As a Columbia Law School graduate, Ginsburg began her legal career as a volunteer attorney for the American Civil Liberties Union (ACLU). From there, she was appointed to the U.S. Court of Appeals for the District of Columbia Circuit, where she served until her appointment to the Supreme Court in 1993.

What made Ginsburg’s seat on the Supreme Court so meaningful is that in a lot of cases, she determined the outcome of the decision. Starting as a moderate judge, RBG shifted left as the rest of the court shifted right. Some of her most valuable cases concerning gender discrimination and abortion rights include United States v. Virginia, overturning the previous male-only admission policy of the Virginia Military Institute, as well as Stenberg v. Carhart, which struck down a Nebraskan law making partial-birth abortions illegal.
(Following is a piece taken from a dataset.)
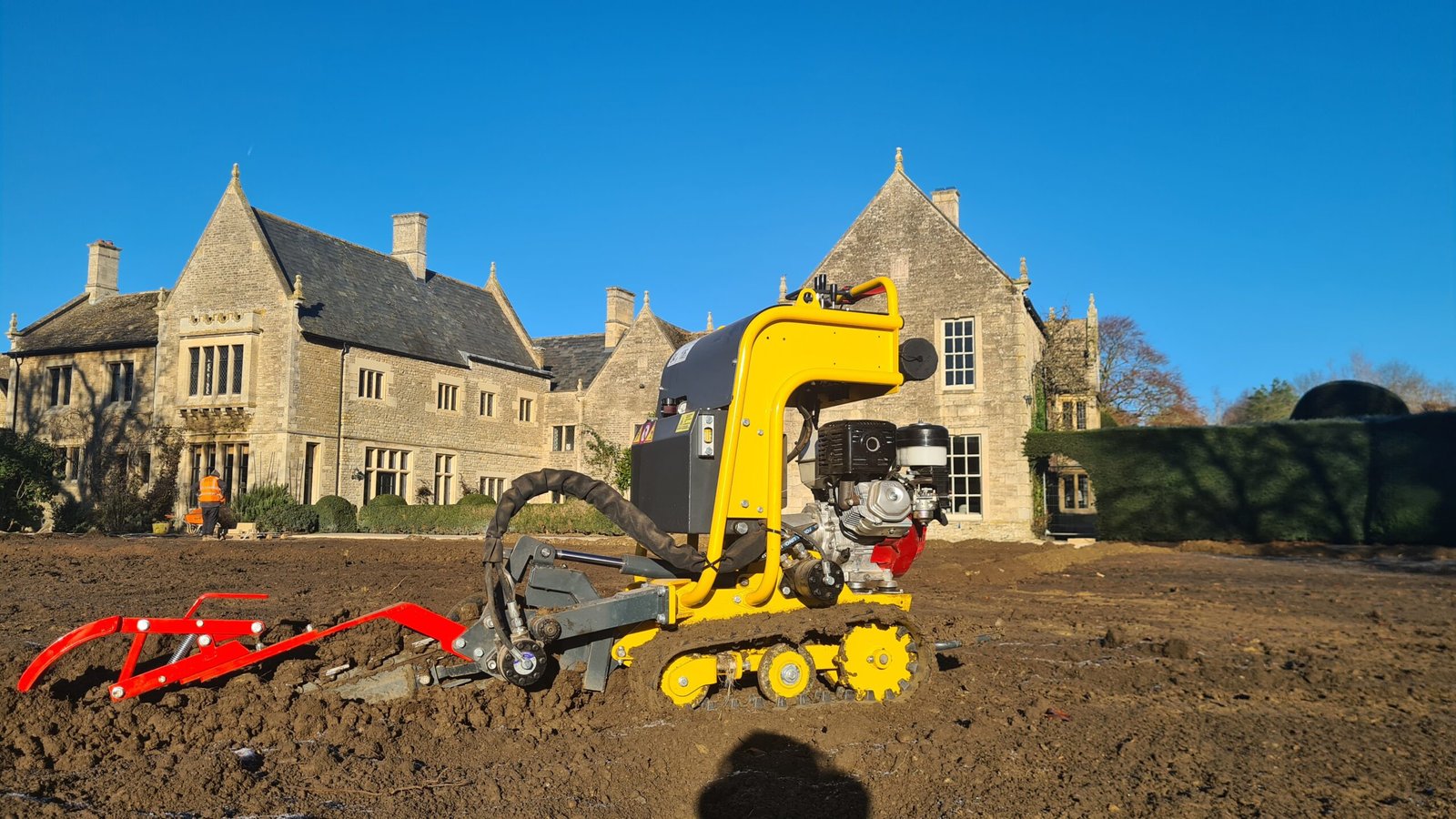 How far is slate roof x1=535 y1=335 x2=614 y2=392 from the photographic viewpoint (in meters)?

In addition to that, Ginsburg is credited with the inspiration of the Lilly Ledbetter Fair Pay Act. In 2007, the occurrence of the Ledbetter v. Goodyear case, in which Ledbetter filed a case against her employer for the discrimination she was experiencing on the basis of her sex, struck a fire in Ginsburg. In a 5-4 decision, the Court decided Ledbetter’s complaint had violated the statute of limitations

Ginsburg found these results absurd, due to the fact that Ledbetter had not known she was getting paid less until after the deadline had already passed. Ginsburg called upon Congress to undo the Court’s decision. Then, following the election of Barack Obama in 2008, the Lilly Ledbetter Fair Pay Act was passed. This act made the statute of limitations regarding an equal pay lawsuit resets after each paycheck, preventing outcomes such as the one from Ledbetter v. Goodyear.

Concerns on the left have arisen in what Ginsburg’s death will mean to the Supreme Court. President Donald Trump pledged to replace RBG’s seat with another woman after her passing, and with the nomination of Amy Coney Barrett, the pledge rings true. Barrett has served on the U.S Court of Appeals since 2017 at the appointment of President Trump.
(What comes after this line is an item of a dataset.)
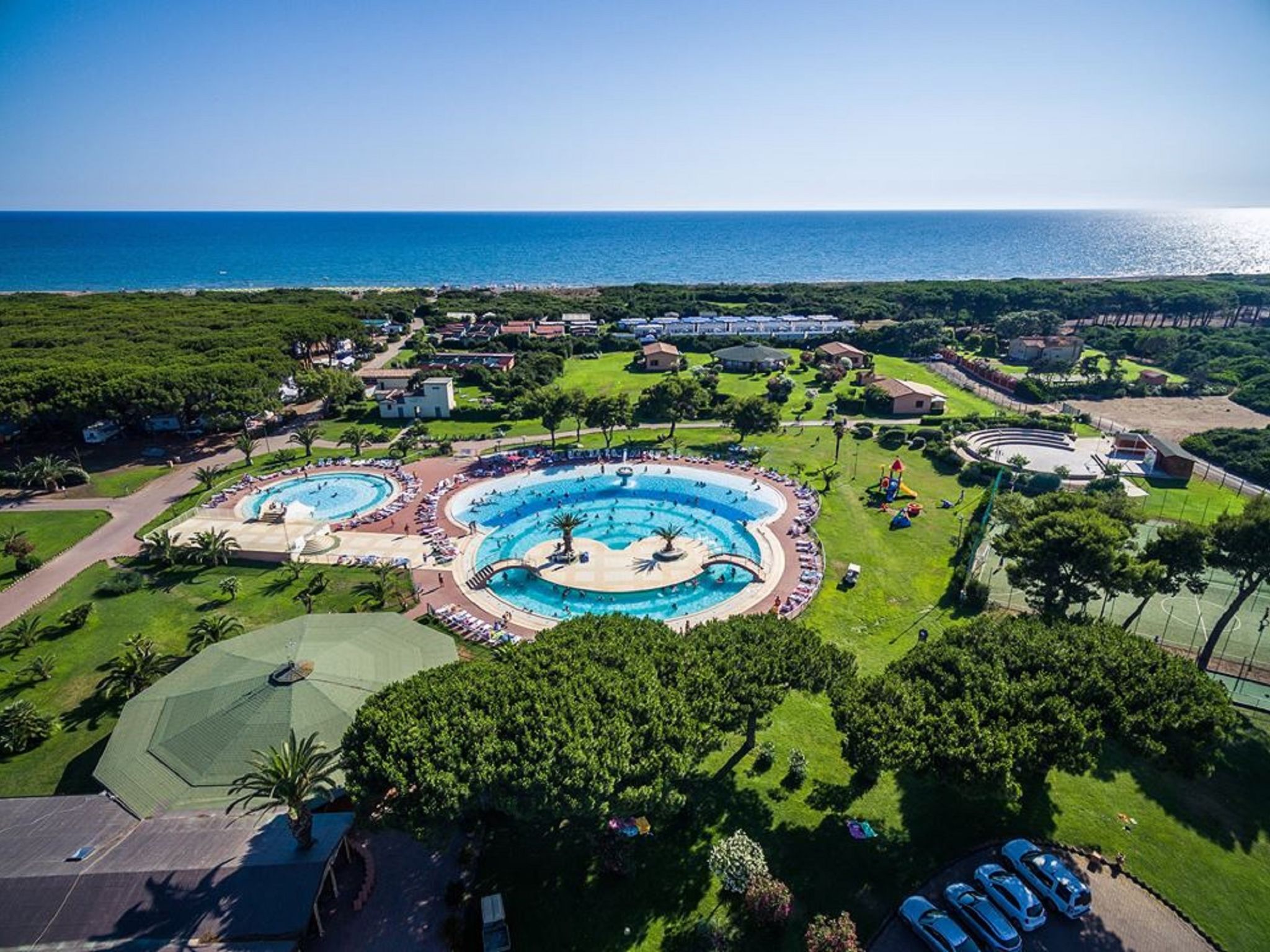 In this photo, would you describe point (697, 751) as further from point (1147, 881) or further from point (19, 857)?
point (19, 857)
Having a conservative Justice on the Supreme Court would end the era of majority left-wing justices. Before RBG’s passing, the Supreme Court had a split of 5-4. Trump’s appointment of a conservative Justice would completely reverse the dynamic between them. The left is fearful that the appointment of a conservative Justice could result in rollbacks of Roe v. Wade, the court case during 1973 which granted the constitutional right to terminate pregnancies in the name of bodily autonomy. 
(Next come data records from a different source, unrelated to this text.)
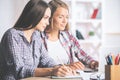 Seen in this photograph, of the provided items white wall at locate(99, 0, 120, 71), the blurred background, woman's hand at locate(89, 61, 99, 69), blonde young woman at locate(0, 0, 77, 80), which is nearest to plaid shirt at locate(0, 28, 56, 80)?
blonde young woman at locate(0, 0, 77, 80)

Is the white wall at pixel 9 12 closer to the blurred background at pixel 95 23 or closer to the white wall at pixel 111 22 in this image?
the blurred background at pixel 95 23

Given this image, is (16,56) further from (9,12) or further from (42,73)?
(9,12)

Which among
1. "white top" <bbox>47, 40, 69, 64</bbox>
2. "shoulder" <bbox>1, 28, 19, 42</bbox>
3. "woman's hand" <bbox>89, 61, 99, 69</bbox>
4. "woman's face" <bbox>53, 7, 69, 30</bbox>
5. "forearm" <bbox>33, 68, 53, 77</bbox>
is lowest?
"woman's hand" <bbox>89, 61, 99, 69</bbox>

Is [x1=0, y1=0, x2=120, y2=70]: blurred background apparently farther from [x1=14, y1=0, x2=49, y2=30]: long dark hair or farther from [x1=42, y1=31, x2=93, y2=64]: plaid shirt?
[x1=14, y1=0, x2=49, y2=30]: long dark hair

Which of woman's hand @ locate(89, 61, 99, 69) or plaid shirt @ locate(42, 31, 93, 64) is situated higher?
plaid shirt @ locate(42, 31, 93, 64)

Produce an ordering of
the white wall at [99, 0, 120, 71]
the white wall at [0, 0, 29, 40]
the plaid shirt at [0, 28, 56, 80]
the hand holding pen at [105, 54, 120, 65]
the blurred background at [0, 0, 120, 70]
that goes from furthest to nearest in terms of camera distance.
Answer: the white wall at [99, 0, 120, 71]
the blurred background at [0, 0, 120, 70]
the white wall at [0, 0, 29, 40]
the plaid shirt at [0, 28, 56, 80]
the hand holding pen at [105, 54, 120, 65]

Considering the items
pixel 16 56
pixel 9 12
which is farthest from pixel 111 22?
pixel 16 56

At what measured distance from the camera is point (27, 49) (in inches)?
47.0

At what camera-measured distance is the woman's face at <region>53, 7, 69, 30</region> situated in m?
1.45

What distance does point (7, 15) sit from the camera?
4.69 ft

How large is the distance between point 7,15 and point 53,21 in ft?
0.85

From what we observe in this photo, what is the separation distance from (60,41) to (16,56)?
15.0 inches

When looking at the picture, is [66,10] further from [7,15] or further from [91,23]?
[91,23]

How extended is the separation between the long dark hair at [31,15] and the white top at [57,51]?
0.22m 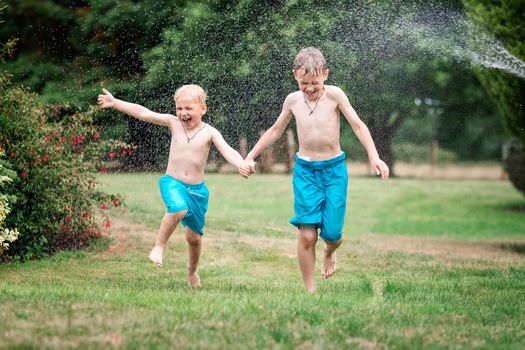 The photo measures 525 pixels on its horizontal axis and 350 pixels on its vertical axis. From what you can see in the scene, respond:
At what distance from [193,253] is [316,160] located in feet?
4.07

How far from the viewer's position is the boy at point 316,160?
5684mm

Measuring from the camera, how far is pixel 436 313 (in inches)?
198

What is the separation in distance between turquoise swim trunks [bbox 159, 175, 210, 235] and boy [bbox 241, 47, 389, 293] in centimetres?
57

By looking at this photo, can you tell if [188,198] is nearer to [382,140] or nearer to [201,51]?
[201,51]

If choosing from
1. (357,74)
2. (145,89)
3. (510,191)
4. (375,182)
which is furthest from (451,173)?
(145,89)

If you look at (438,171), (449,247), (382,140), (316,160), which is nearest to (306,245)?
(316,160)

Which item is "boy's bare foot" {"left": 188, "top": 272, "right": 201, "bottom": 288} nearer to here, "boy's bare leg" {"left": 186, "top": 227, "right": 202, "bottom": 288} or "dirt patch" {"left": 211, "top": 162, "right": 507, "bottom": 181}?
"boy's bare leg" {"left": 186, "top": 227, "right": 202, "bottom": 288}

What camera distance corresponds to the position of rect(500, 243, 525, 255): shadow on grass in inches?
429

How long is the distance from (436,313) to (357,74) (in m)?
7.39

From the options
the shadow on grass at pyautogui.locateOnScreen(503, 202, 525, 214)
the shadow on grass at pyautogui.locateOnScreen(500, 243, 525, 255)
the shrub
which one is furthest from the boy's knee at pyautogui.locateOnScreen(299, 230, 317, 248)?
the shadow on grass at pyautogui.locateOnScreen(503, 202, 525, 214)

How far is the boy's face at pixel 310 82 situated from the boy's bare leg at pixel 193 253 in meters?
1.37

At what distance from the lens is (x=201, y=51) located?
1090cm

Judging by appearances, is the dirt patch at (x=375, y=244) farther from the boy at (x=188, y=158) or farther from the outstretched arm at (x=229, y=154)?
the outstretched arm at (x=229, y=154)

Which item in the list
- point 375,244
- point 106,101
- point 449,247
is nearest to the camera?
point 106,101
Justice Ruth Bader Ginsburg has truly made an impact both inside the court and out. Her legacy consists of a generation of pioneering advocates breaking the social norms and delivering justice in whatever way they can. Ginsburg now rests in power in the Arlington National Cemetery. Previously, she laid on the steps of the Supreme Court, then moved to the Capitol Building, making her the first woman to do so.